George Keburia and Situationist’s Irakli Rusadze both inserted pro-LGBTQ messages in their Spring 2019 Mercedes-Benz Fashion Week Tbilisi collections.

In November 2016, a 34-year-old transgender woman succumbed to injuries she received during a homophobic attack that October. Attackers struck Zizi Shekeladze numerous times with a concrete bar while stabbing her throat several times. Just three years before LGTBQ activists were severely beaten in Tbilisi after attempting to hold a rally against homophobia. Earlier this year, crackdowns after a string of nightlife-related drug deaths resulted in excessive force used against members of the gay community.

Backstage George Keburia Spring/Summer 2019.

For the most part, the youth in the Georgian capital maintain an opened-minded attitude towards homosexuality. But, although homosexuality and gender transformation are legal in Georgia, the older generations still relatively narrow-minded and have a negative outlook on being gay. The 2014 World Values Survey ranked Georgia the third-most homophobic country in the world after Jordan and Iran.

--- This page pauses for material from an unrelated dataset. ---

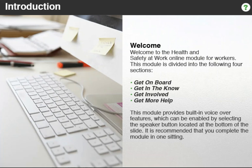This module provides built-in voiceover features, which can be enabled by selecting the speaker button located at the bottom of the slide. It is recommended that you complete the module in one sitting.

Now some of Georgia’s most prominent fashion designers are taking a stand for homosexuality and the LGBTQ community by making a statement through their most recent collections. What Georgian-born, Zurich-based Demna Gvasalia started by putting the gay flag in his Fall 2018 Balenciaga collection, and with Vetements’s Spring/Summer 2019 collection, which celebrated his own recent marriage to a man by having models walk on tables that could be used at a Georgian wedding banquet continued during Mercedes-Benz Fashion Week Tbilisi, with two of the country’s most prominent young fashion designers—George Keburia and Situationist’s Irakli Rusadze—standing up for gay rights in two very different ways as they presented their collections on November 4.

Designer Irakli Rusadze of The Situationist.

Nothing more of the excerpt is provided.